▶ [THE PROBLEM] Please give the entries below again exactly, omitting every picture.

▶ [INFORMATION SHOWN]
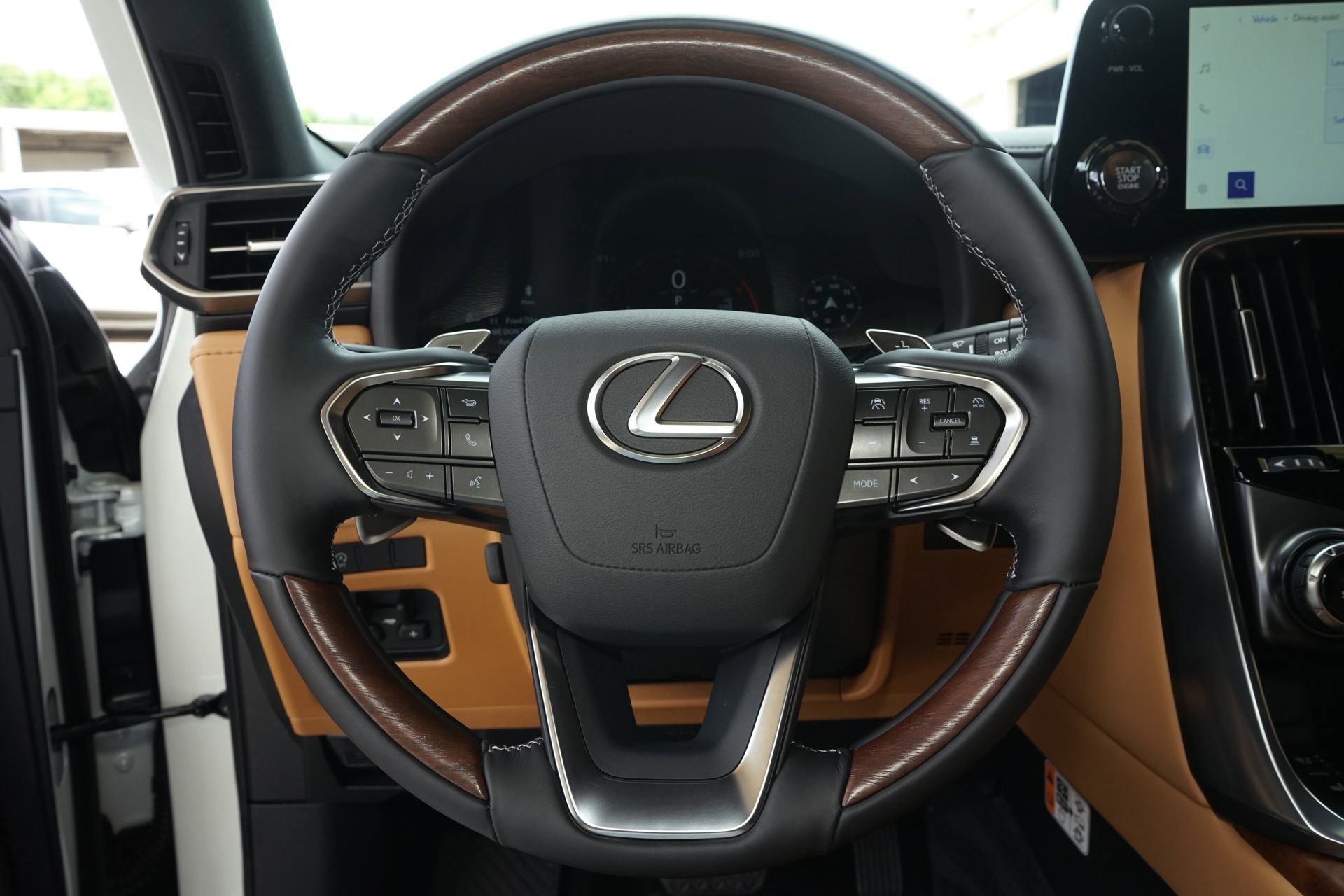 Used 2024 Lexus LX 600 4WD w/ Luxury Package image 13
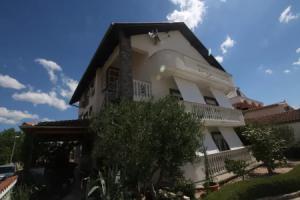 Zora - Garden Terrace and Grill - A1, Pirovac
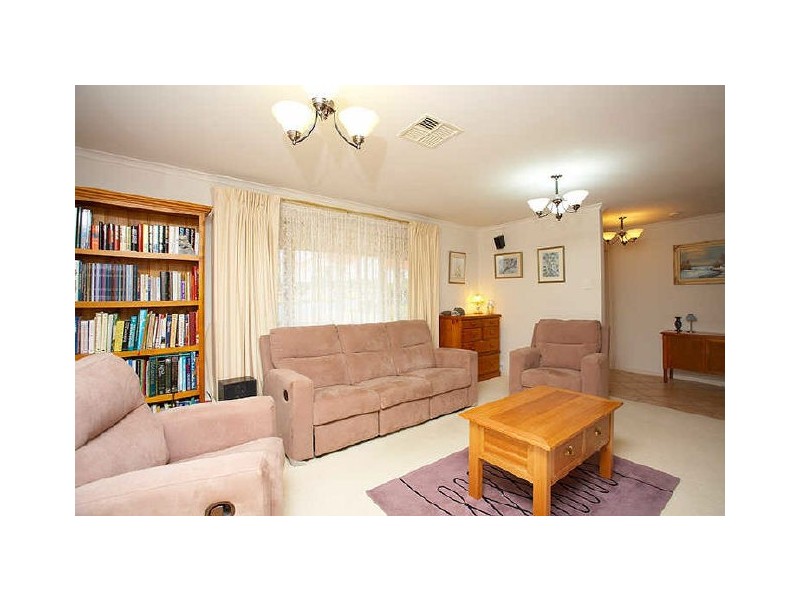 7 Portsmouth Pde, Gulfview Heights SA 5096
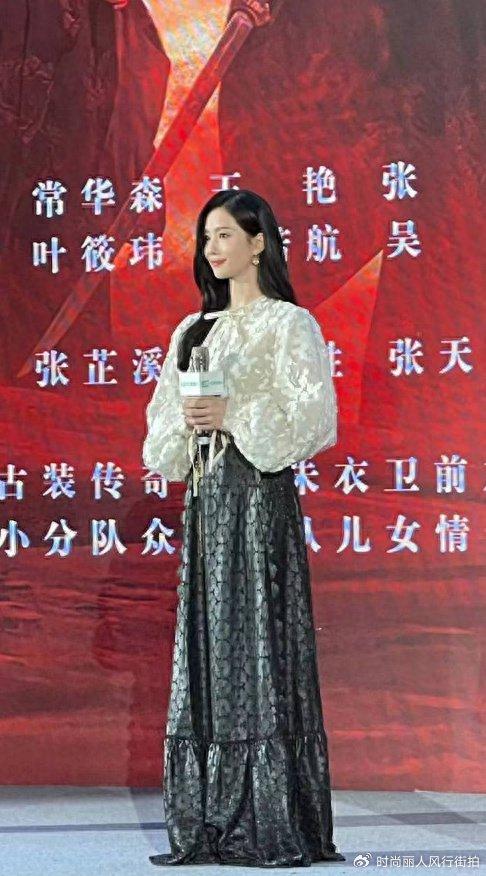 刘诗诗今天赢麻了！两部待播作品火出圈，穿高定亮相美成诗仙超牛-刘诗诗2021年活动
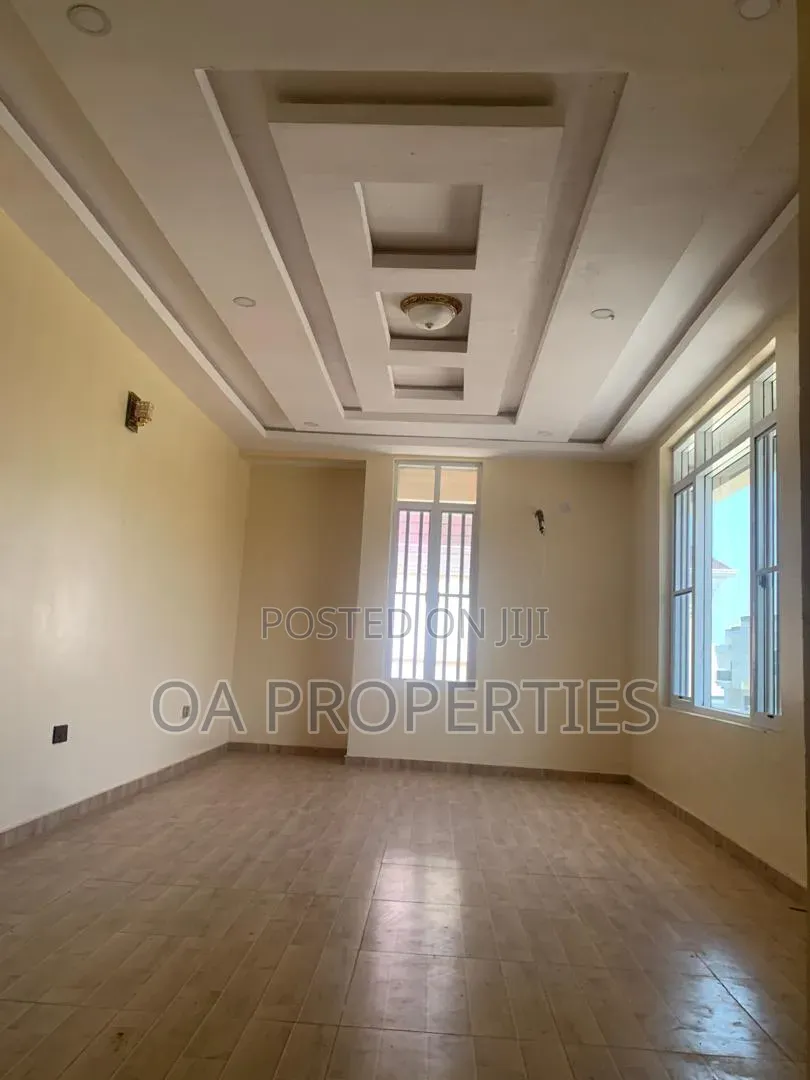 4bdrm Duplex in Carlton Gate Estate for rent in Ibadan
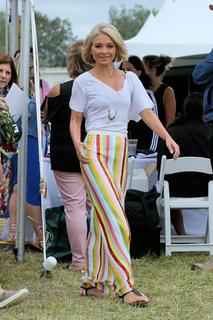 Kelly Ripa feet photo thumbnail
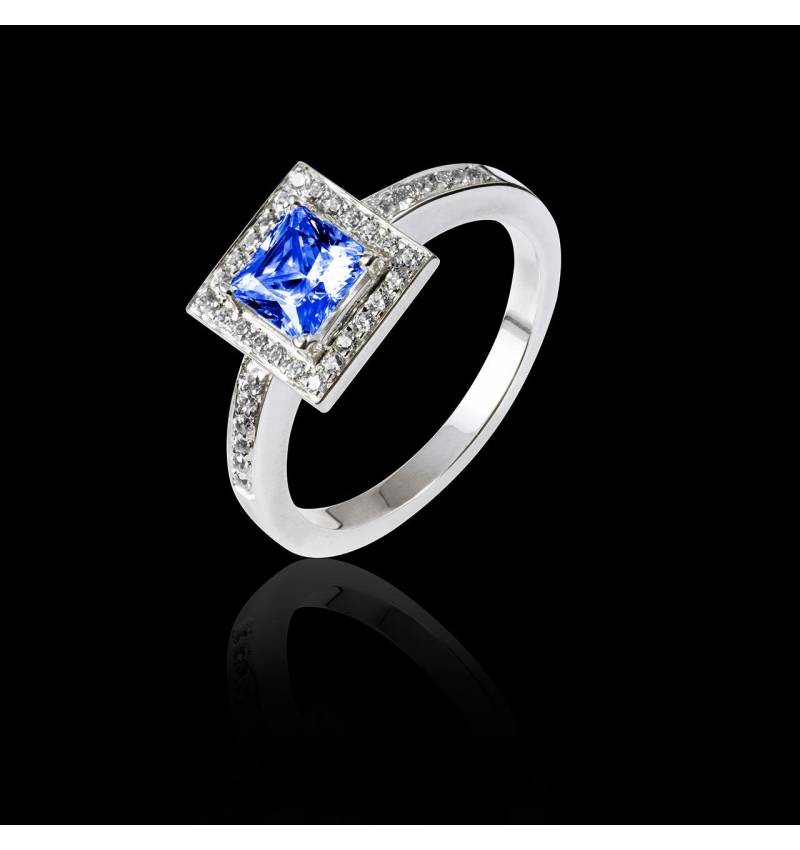 Bague de fiançailles saphir bleu pavage diamant or blanc Perrine Bague de fiançailles saphir bleu pavage diamant or blanc Perrine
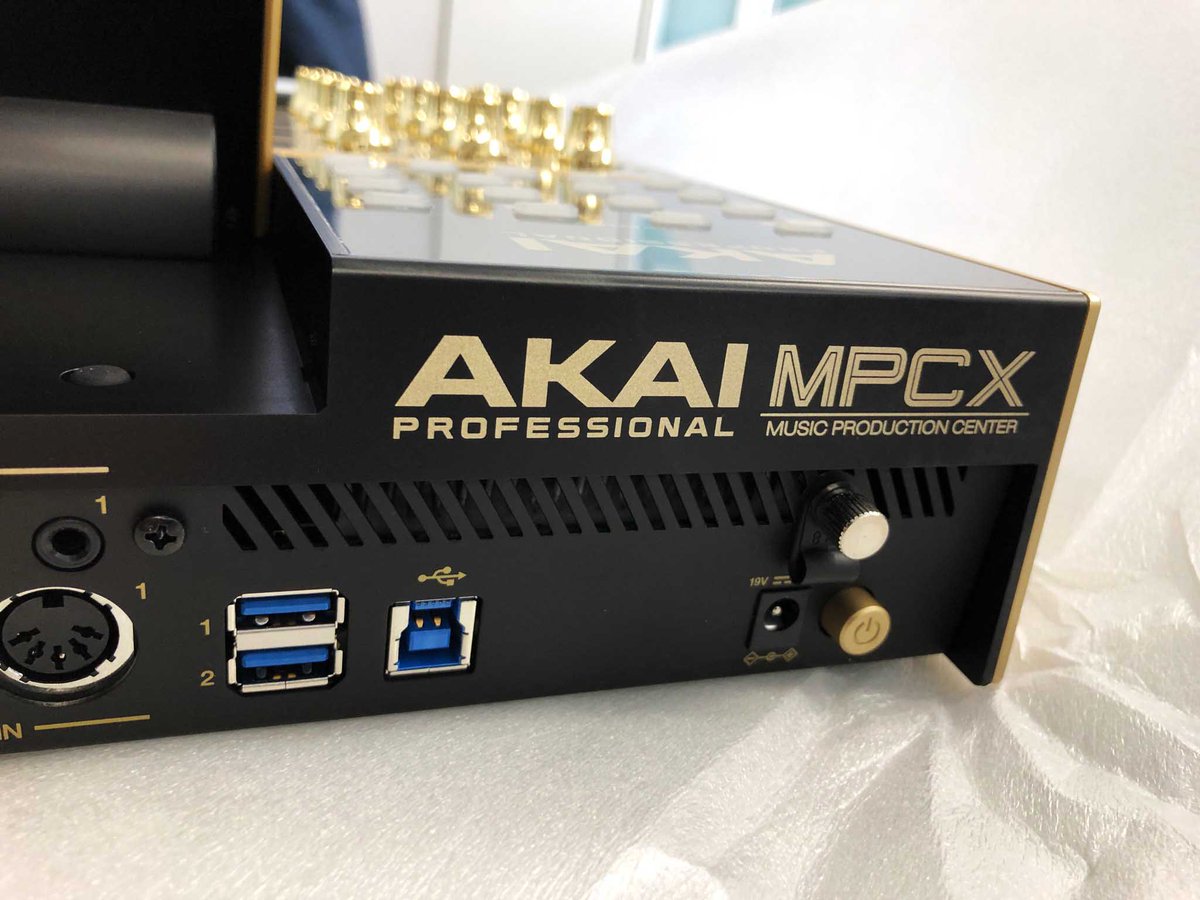本日のみ値下げ　AKAI MPC ONE 完動品　限定色ゴールド Akai Professional、「MPC ONE」限定カラー ゴールドを発表！ – DTMers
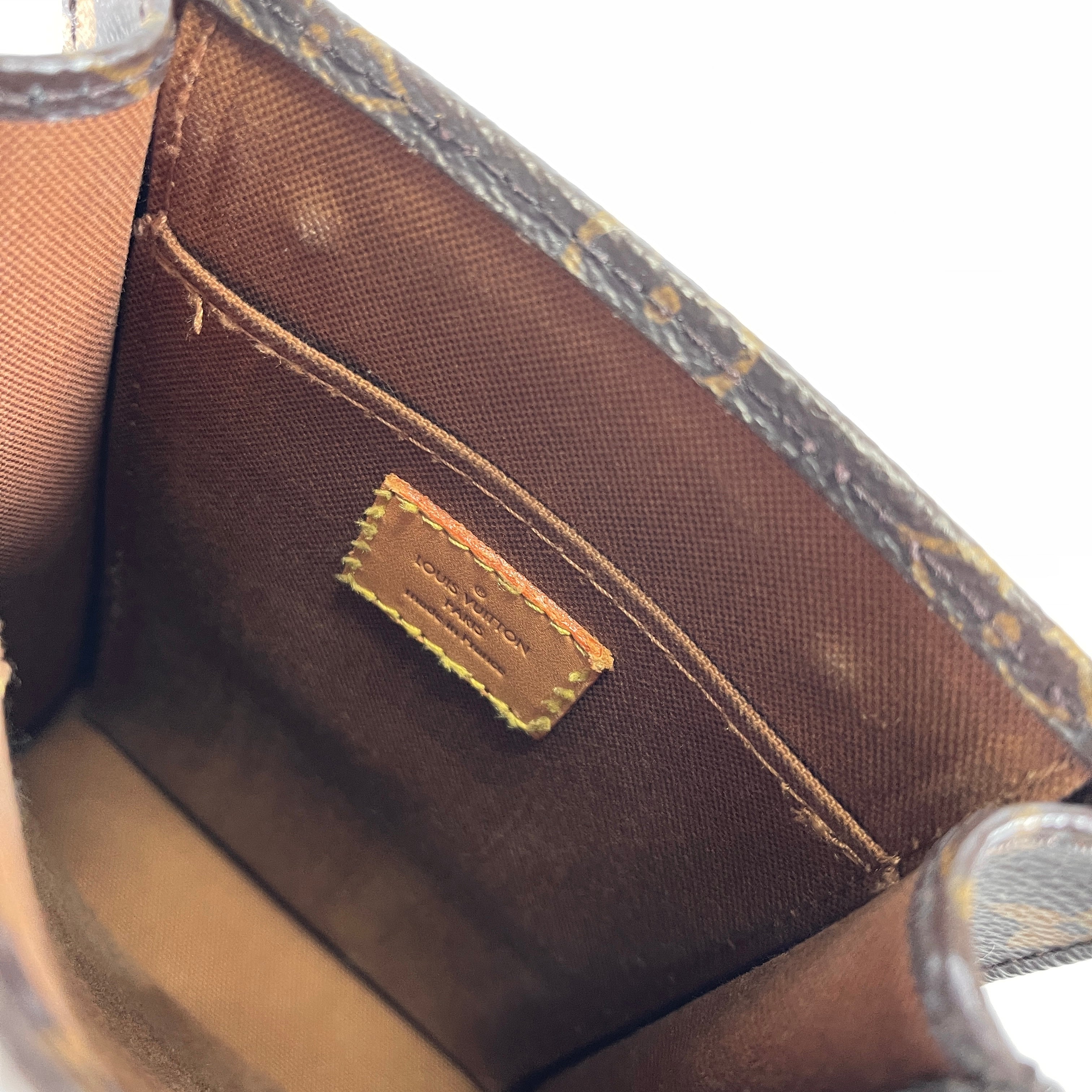 2601 secondhand LV Petite Sac Pla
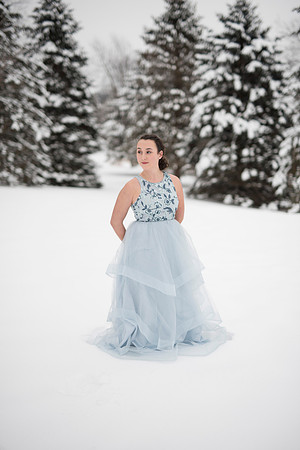 OliviaAverySnow_003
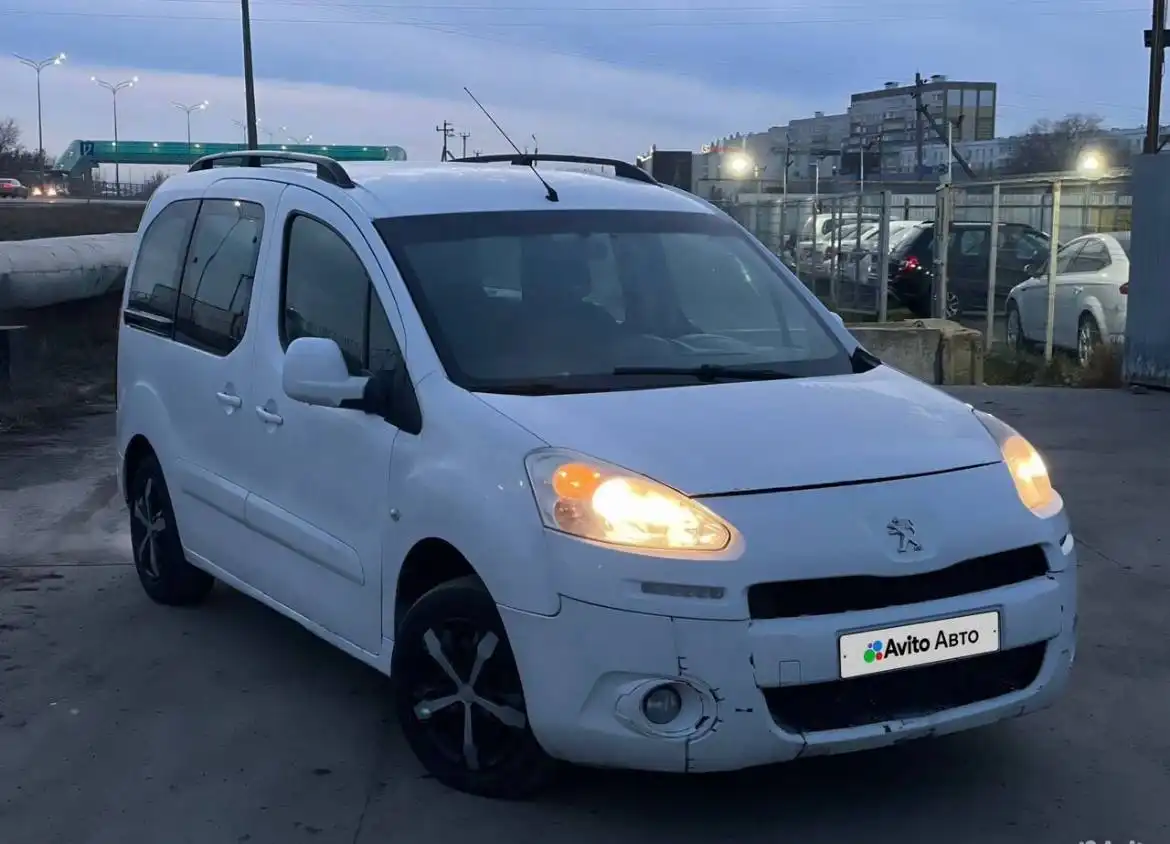 Продажа Пежо Партнёр 2012 года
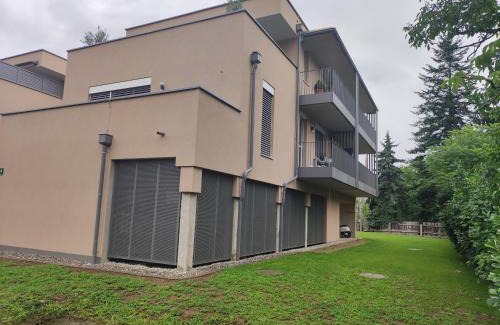 Puntigam Apartamento | TOP Ferienwohnung Rosanna - Adults only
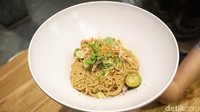 Tapi yang paling favorit adalah mie kecilnya. Disajikan dalam mangkuk berukuran besar, berisi mie kecil, potongan daging ayam rebus, irisan bawang daun dan seledri, taburan bawang goreng putih, dan jeruk limau. Dengan dua butir bakso dan kuah kaldu yang disajikan terpisah. Foto: dok.detikFood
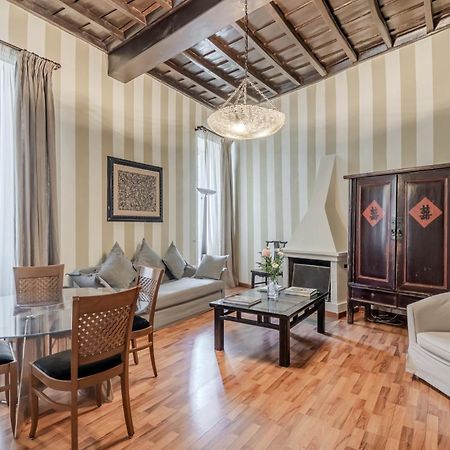 Appartamento Trevi Vicolo Scanderbeg Rome Exterior photo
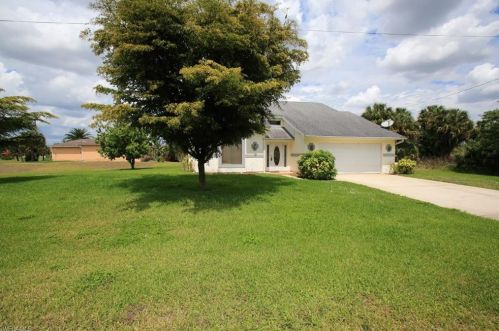 829 Geneva St, Lehigh Acres, FL 33974-7133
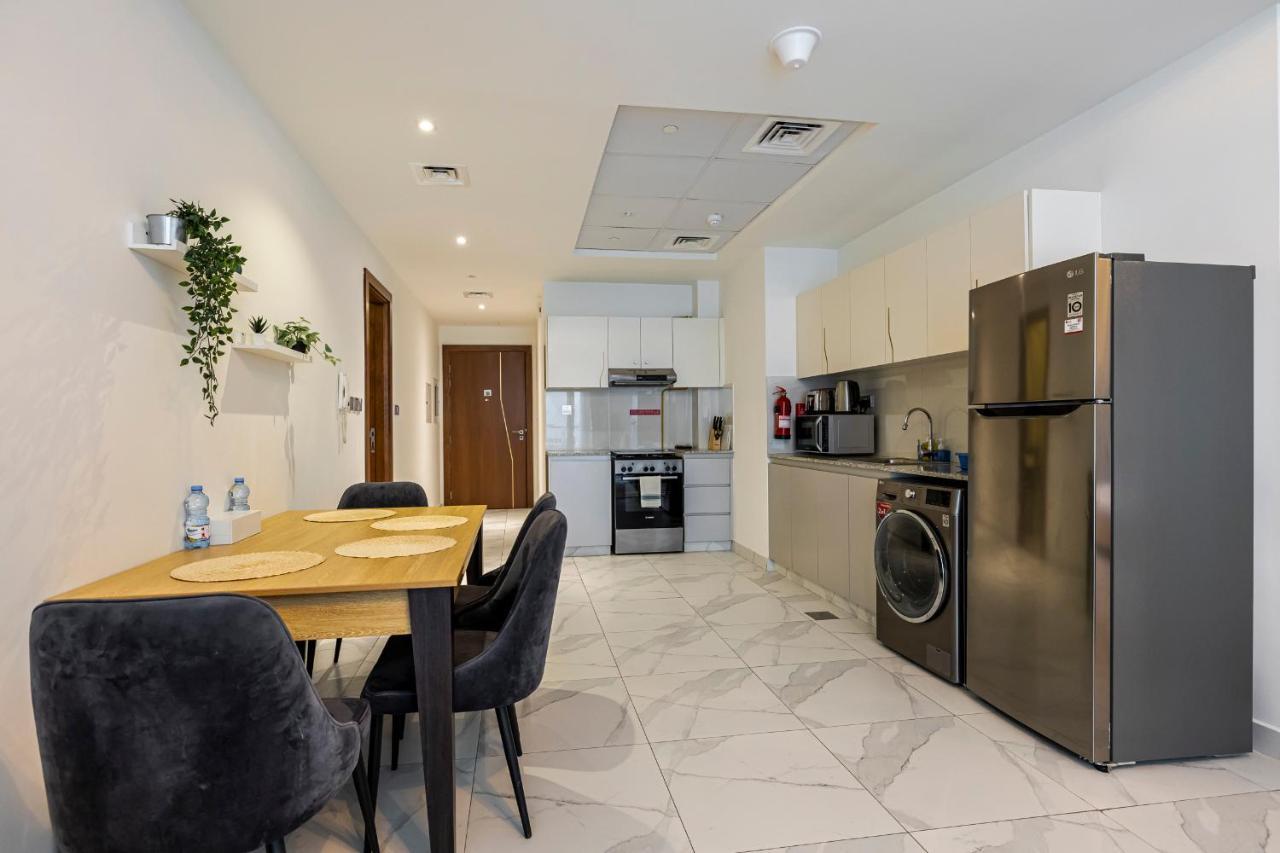 Unlock Waters Edge Apartman Dubaj Kültér fotó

▶ [WRITTEN SOLUTION]
 Used 2024 Lexus LX 600 4WD w/ Luxury Package image 13
 Zora - Garden Terrace and Grill - A1, Pirovac
 7 Portsmouth Pde, Gulfview Heights SA 5096
 刘诗诗今天赢麻了！两部待播作品火出圈，穿高定亮相美成诗仙超牛-刘诗诗2021年活动
 4bdrm Duplex in Carlton Gate Estate for rent in Ibadan
 Kelly Ripa feet photo thumbnail
 Bague de fiançailles saphir bleu pavage diamant or blanc Perrine Bague de fiançailles saphir bleu pavage diamant or blanc Perrine
本日のみ値下げ　AKAI MPC ONE 完動品　限定色ゴールド Akai Professional、「MPC ONE」限定カラー ゴールドを発表！ – DTMers
 2601 secondhand LV Petite Sac Pla
 OliviaAverySnow_003
 Продажа Пежо Партнёр 2012 года
 Puntigam Apartamento | TOP Ferienwohnung Rosanna - Adults only
 Tapi yang paling favorit adalah mie kecilnya. Disajikan dalam mangkuk berukuran besar, berisi mie kecil, potongan daging ayam rebus, irisan bawang daun dan seledri, taburan bawang goreng putih, dan jeruk limau. Dengan dua butir bakso dan kuah kaldu yang disajikan terpisah. Foto: dok.detikFood
 Appartamento Trevi Vicolo Scanderbeg Rome Exterior photo
 829 Geneva St, Lehigh Acres, FL 33974-7133
 Unlock Waters Edge Apartman Dubaj Kültér fotó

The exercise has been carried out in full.